• [TASK ITEM]: Leaving out the images, return the data below exactly as it is written.

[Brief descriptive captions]
>>>>>
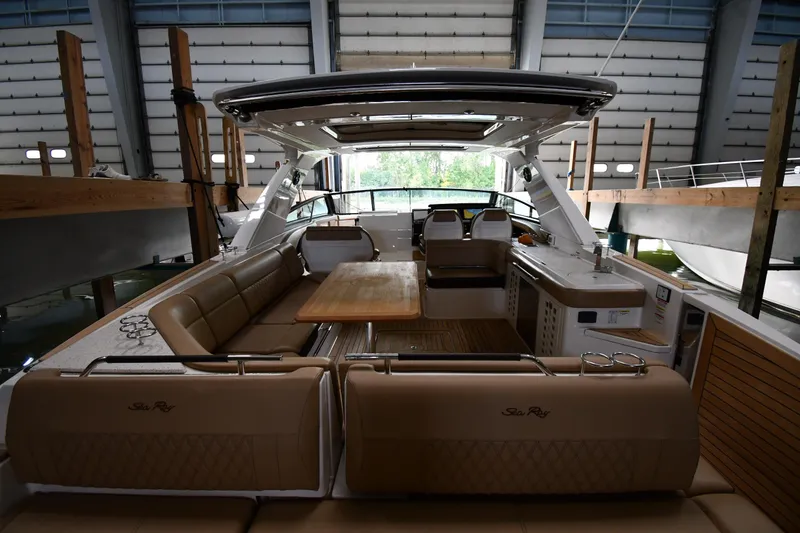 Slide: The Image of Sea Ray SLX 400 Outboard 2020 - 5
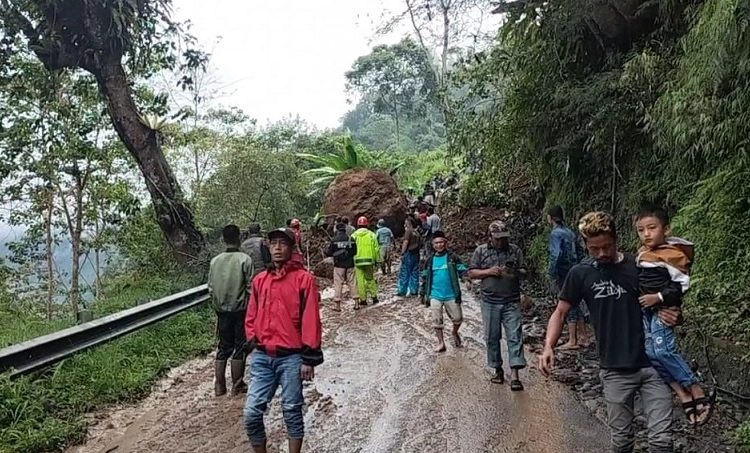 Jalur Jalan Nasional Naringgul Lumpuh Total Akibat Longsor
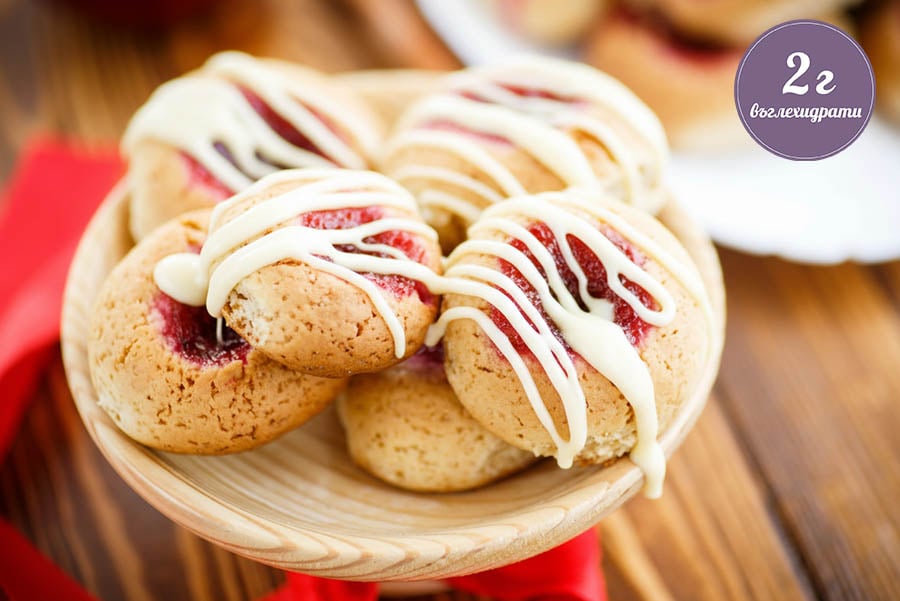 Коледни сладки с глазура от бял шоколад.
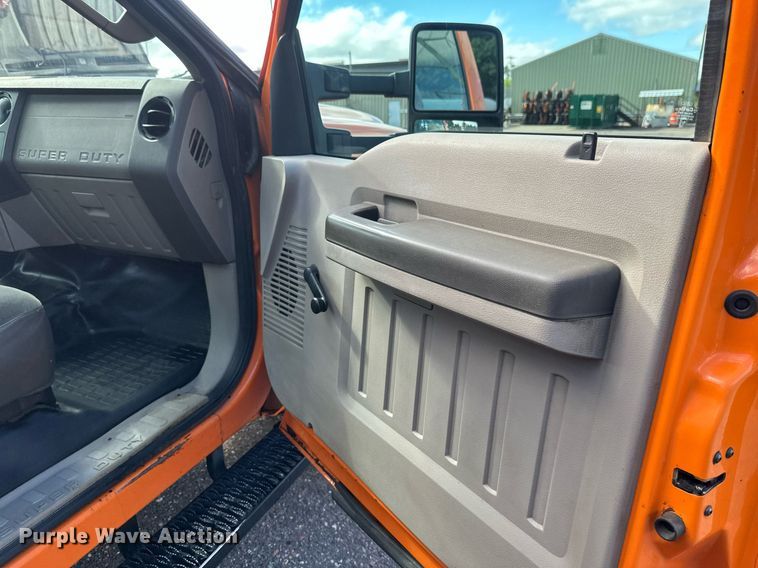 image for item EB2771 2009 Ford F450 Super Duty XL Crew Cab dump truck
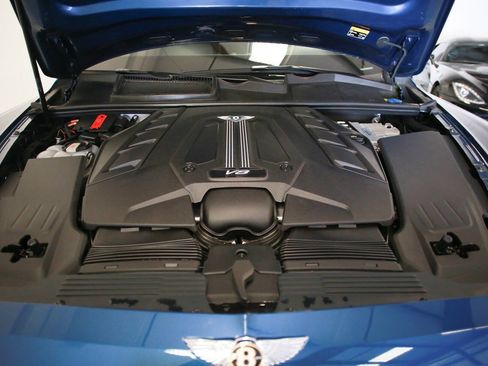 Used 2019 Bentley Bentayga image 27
<<<<<
• [REPLY TO THE TASK]:
 Slide: The Image of Sea Ray SLX 400 Outboard 2020 - 5
 Jalur Jalan Nasional Naringgul Lumpuh Total Akibat Longsor
 Коледни сладки с глазура от бял шоколад.
 image for item EB2771 2009 Ford F450 Super Duty XL Crew Cab dump truck
 Used 2019 Bentley Bentayga image 27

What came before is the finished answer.